Restate the data below word for word, and let no image into your version.

━━━━━ DATA SHOWN ━━━━━

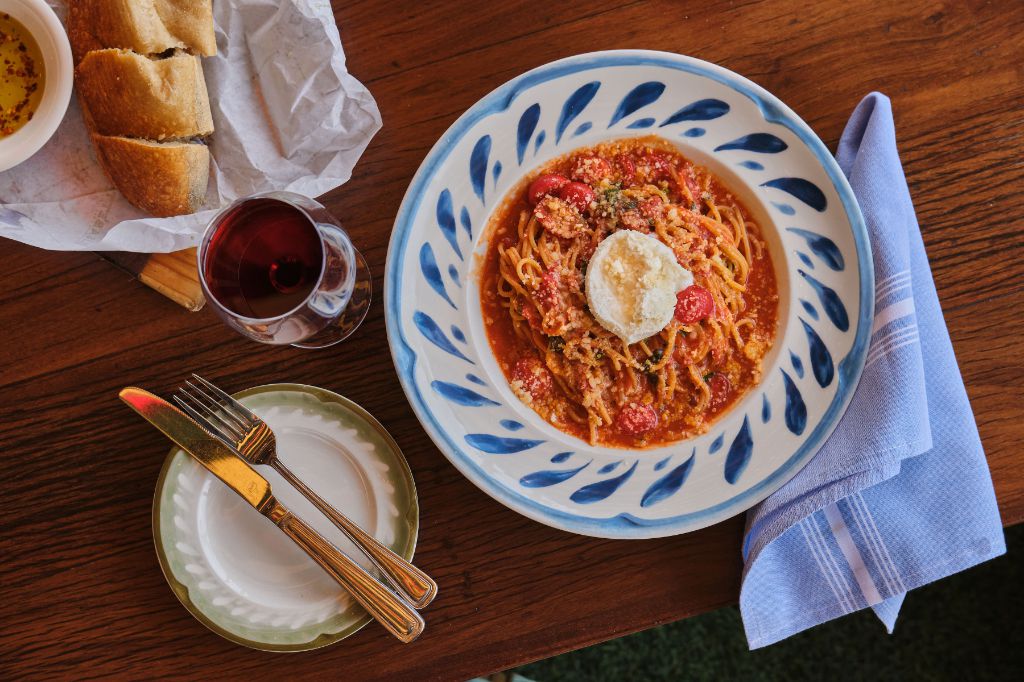This is a photo of spaghetti with tomato sauce. There is also cut slices of bread, a glass of red wine, a folded napkin, and silverware in the picture.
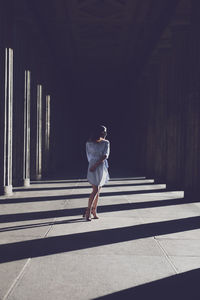 Woman standing at colonnade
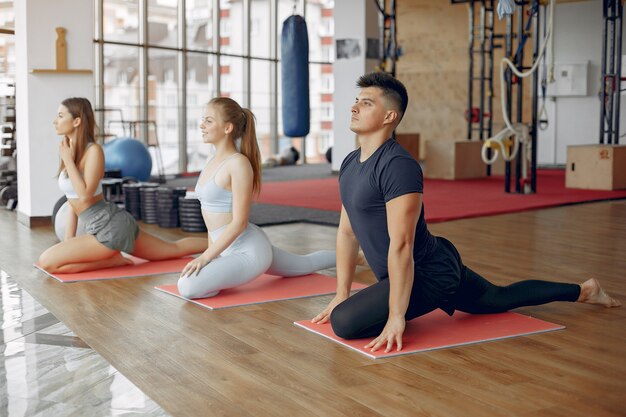 Young sports people training in a morning gym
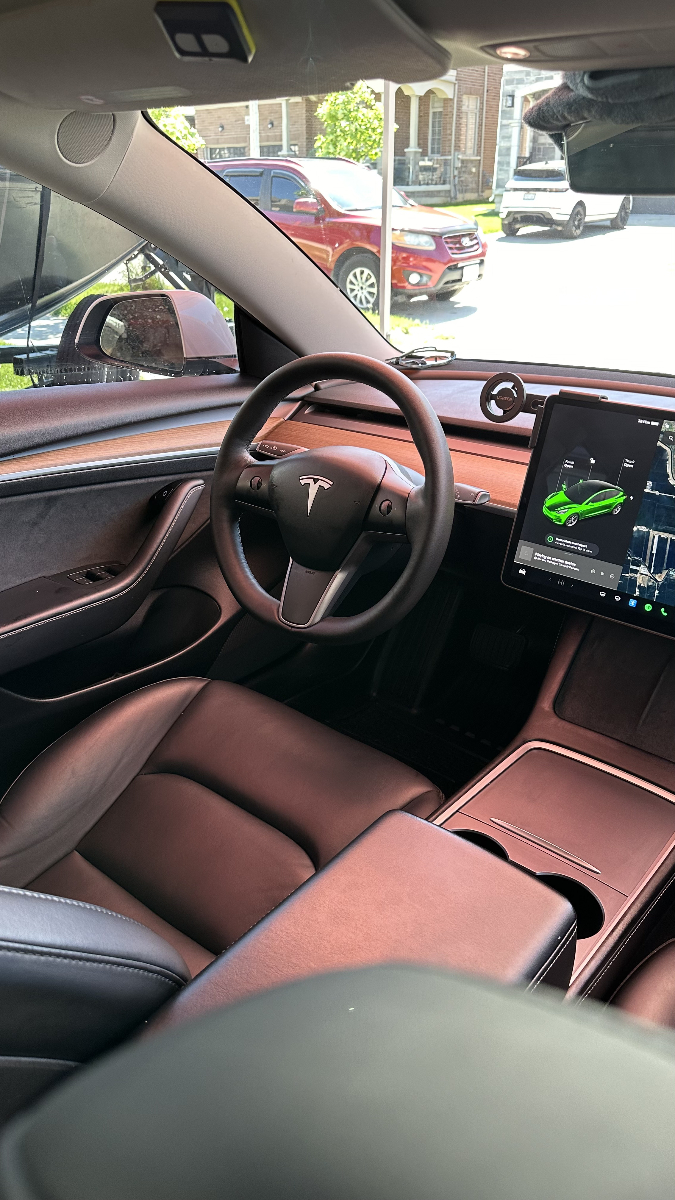 Professional auto detailing service showing skilled technician carefully cleaning luxury vehicle exterior with premium foam and microfiber cloths in bright clean environment with modern equipment and tools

━━━━━

**PROBLEM SOLUTION**
This is a photo of spaghetti with tomato sauce. There is also cut slices of bread, a glass of red wine, a folded napkin, and silverware in the picture.
 Woman standing at colonnade
 Young sports people training in a morning gym
 Professional auto detailing service showing skilled technician carefully cleaning luxury vehicle exterior with premium foam and microfiber cloths in bright clean environment with modern equipment and tools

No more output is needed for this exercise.